Ce que Lélius (IIe siècle av. J.-C.) dit de l'amitié fut rapporté par Scévola, un augure que vénérait Cicéron pour « ses lumières et sa sagesse ». Se basant sur la mémoire de Scévola, le dialogue fut écrit par Cicéron dans Lélius ou De l'amitié. Cicéron (1er siècle av. J.-C.) fut aussi  un célèbre avocat et homme politique romain.  

La peine quand un ami disparaît

Lélius, considéré lui aussi comme un sage dans la Rome antique, venait de perdre son meilleur ami Scipion (IIe siècle av. J.-C.), illustre général et homme politique. Ses gendres lui demandèrent d'abord comment il supportait la perte d'un ami d'une telle valeur.
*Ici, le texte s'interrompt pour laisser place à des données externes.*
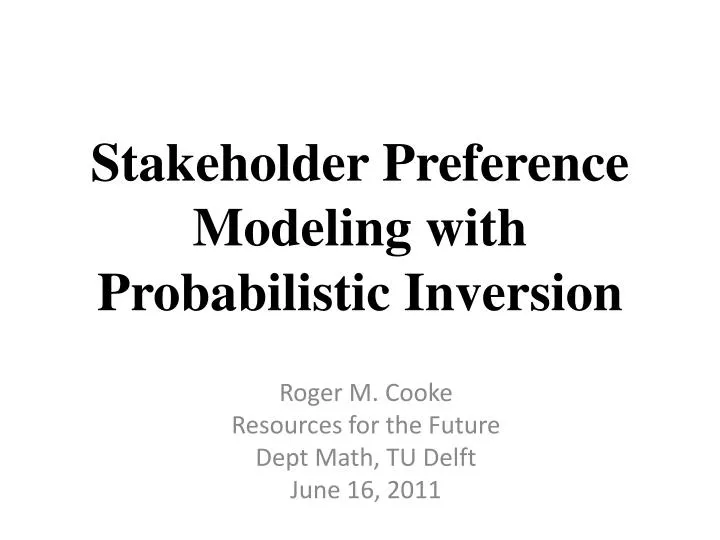 stakeholder preference modeling with probabilistic inversion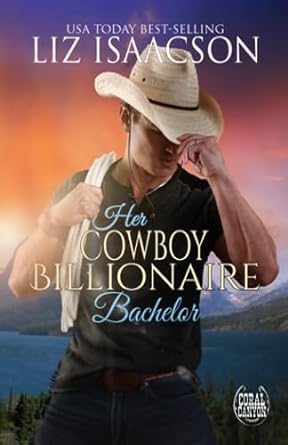 her cowboy billionaire bachelor an everett sisters novel  liz isaacson 1792164432, 978-1792164439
Il répondit : « Oui, je suis vivement touché de la perte d’un tel ami (..). Mais je n’ai besoin des consolations de personne ; j’en trouve assez en moi-même, et la plus grande me vient de ce que je suis exempt d’une erreur qui en tourmente tant d’autres, lorsqu’ils viennent à perdre leurs amis. Je ne pense point que la mort soit un mal pour Scipion : s’il y en a, ce n’est que pour moi. Or, s’affliger de ses propres maux est amour de soi, et non pas amitié. Qui osera dire que Scipion ait eu à se plaindre de sa destinée ? » 

Lélius mettait en lumière un fait essentiel dans notre ressenti face à la mort. Quand un être qui nous est cher quitte ce monde, quel est notre état d'esprit à ce moment-là? Même si nous croyons à l'immortalité de l'âme, l'absence d'un être que nous aimions nous est pénible, au moins dans les premiers moments, car notre cœur humain est imprégné de sentiment envers lui. De plus, toute forme de communication s'est arrêtée brusquement. Quel choc émotionnel ! 
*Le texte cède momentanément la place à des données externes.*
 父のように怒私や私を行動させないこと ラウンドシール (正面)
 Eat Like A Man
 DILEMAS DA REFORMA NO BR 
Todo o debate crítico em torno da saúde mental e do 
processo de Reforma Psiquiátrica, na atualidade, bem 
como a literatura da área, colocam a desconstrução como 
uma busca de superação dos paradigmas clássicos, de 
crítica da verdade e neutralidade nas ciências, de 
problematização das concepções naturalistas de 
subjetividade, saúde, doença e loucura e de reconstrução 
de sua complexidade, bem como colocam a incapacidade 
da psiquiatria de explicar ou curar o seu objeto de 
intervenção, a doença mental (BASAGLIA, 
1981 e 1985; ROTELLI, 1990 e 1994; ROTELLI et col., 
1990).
L'amitié, un beau cadeau du Ciel à l'humanité
Les gendres de Lélius lui demandèrent comment il supportait la perte de Scipion, un ami d'une telle valeur et d'une vie aussi illustre. (Image : wikimedia / Sailko / CC BY 3.0)
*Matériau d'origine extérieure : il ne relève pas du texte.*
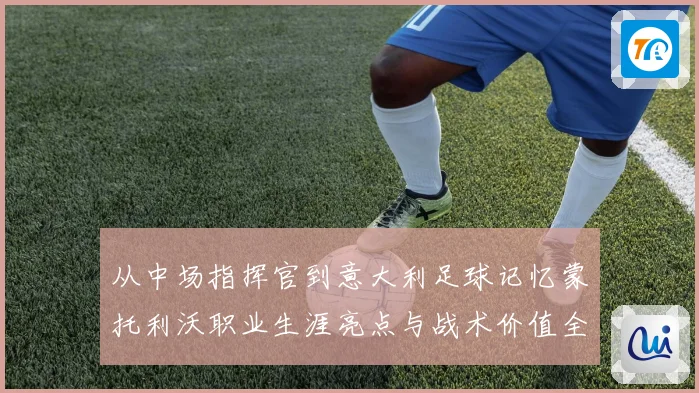 从中场指挥官到意大利足球记忆蒙托利沃职业生涯亮点与战术价值全解析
Si nous croyons que tout de nous, âme ou conscience, périt avec le corps, peut-être que notre peine ne faiblira que très lentement, avec le temps et l'éloignement. Nous penserons parfois encore à notre ami avec regret et aux bons moments que nous aurions pu encore passer ensemble.

Lélius ne croyait pas que la mort terrestre détruisait tout de l'homme. Les anciens qui rendaient des honneurs religieux aux morts témoignaient de leur assurance en l'immortalité de l'âme. Lélius disait aussi : « ... on ne voyait point Socrate hésiter et varier sur ce point comme sur la plupart des autres ; mais il soutenait constamment que nos âmes sont des substances divines ; qu’en sortant des corps, elles prennent leur essor vers le ciel, et que cet essor est d’autant plus rapide, qu’elles ont été plus justes et plus pures ».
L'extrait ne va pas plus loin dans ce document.